Exercise objective >>
Reproduce each line of the entries that carries "brown".

Start of Data to use

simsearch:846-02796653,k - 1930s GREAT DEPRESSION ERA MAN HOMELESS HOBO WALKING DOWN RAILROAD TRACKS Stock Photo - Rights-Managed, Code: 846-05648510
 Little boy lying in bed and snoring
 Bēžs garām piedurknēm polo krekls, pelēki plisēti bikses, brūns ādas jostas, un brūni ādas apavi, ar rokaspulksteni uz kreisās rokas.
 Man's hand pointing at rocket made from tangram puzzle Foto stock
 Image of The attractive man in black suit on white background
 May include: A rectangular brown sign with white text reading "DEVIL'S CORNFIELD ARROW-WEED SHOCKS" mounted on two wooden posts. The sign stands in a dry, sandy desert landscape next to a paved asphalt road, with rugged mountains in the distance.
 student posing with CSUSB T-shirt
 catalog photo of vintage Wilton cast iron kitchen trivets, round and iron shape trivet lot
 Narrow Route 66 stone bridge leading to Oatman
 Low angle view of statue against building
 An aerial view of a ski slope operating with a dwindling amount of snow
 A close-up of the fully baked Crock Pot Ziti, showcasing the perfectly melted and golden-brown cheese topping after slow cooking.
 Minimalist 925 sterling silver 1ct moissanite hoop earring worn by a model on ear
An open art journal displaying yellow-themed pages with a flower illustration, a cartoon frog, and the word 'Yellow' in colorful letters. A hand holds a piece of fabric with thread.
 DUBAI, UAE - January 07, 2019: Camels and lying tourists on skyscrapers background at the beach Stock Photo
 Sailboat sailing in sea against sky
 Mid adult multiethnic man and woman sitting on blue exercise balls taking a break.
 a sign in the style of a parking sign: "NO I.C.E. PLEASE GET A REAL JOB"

End of Data to use

Task result >>
 May include: A rectangular brown sign with white text reading "DEVIL'S CORNFIELD ARROW-WEED SHOCKS" mounted on two wooden posts. The sign stands in a dry, sandy desert landscape next to a paved asphalt road, with rugged mountains in the distance.
 A close-up of the fully baked Crock Pot Ziti, showcasing the perfectly melted and golden-brown cheese topping after slow cooking.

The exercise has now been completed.